Newcastle dictated the possession and the tempo of this previously ferocious derby, but the derby sting in the air was squashed from minute one by Eddie Howe’s men.
Bar the odd tough tackle, the one scuffle in the penalty area and the noise coming from the four sides of the Stadium of Light, you could have barely known that this was a derby.
Instead, it was a match between a Champions League team and a Championship team, and across the entire 90 minutes, so it proved.
Sunderland very rarely got a sniff, and for all fans could dream of one of the biggest Wear-Tyne derby upsets, it was never really to be.
Too many of those in red-and-white went missing at crucial parts in the game. Jobe was rather non-existent in the contest, whilst Trai Hume was far too exposed to Anthony Gordon and Aji Alese vs Miguel Almiron was a major mis-match.
That’s not to say though that we were carved open time and time again, far from it. Defensively, the Black Cats limited the number of chances that the Geordies were allowed, and it was three individual errors that were capitalised on with maximum effect.
Yes, the cross from Joelinton for the opener was a cross destined for the back of the net; had Dan Ballard not stuck out a loose leg, Alexander Isak would have anyway.
But, the other two were massively avoidable. There’s no world in which Pierre Ekwah should be thinking that he’ll be given space and time to pick out the perfect pass against this high-press Newcastle side, whilst a moment of stupidity from Ballard resulted in the finishing touches of their win.
In the end, it was domination from the local visitors, and the Premier League quality and know-how ultimately told.

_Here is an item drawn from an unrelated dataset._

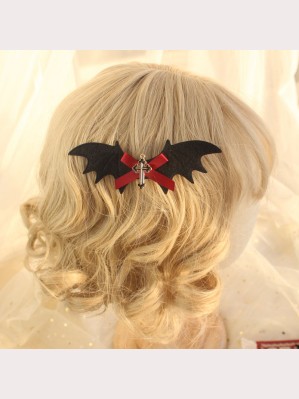 Halloween Bat Wing Lolita Style Hair Clip * Buy 2 Get 1 Free * (DG03)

If you look at the number of players’ touches across the pitch, it tells its own story. Nazariy Rusyn’s 14 touches in his 85-minute spell proves that exact control, whilst Bruno Guimaraes had 104 touches in the centre of Newcastle’s midfield compared to Dan Neil’s 61 shows just who came out on top of the midfield battle.
And so, after weeks of anticipation and controversy and hours of excitement and pride, this proved to be many steps too far, and after a week of pure embarrassment and humiliation, this was a somewhat fitting end.
Thursday’s Black Cats Bar fiasco caused mass uproar amongst fans – too many felt like it was the biggest slap in the face that they could take from a club that misjudged what this occasion meant to the city and the region.
Even across both sides of the divide, this day was one that has been anticipated for the weeks that led up to it, and it was sad just how the week has ended for the Black Cats.
Bonds have been broken, and Sunderland were outdone and outclassed on the pitch.
Yet, come the full-time whistle, the applause and chants of ‘Sunderland ‘til I die’ showed the pride amidst this humbling derby day defeat.
A day, and indeed week, that began with so much passion and anticipation has ended with a silent Sunderland whimper.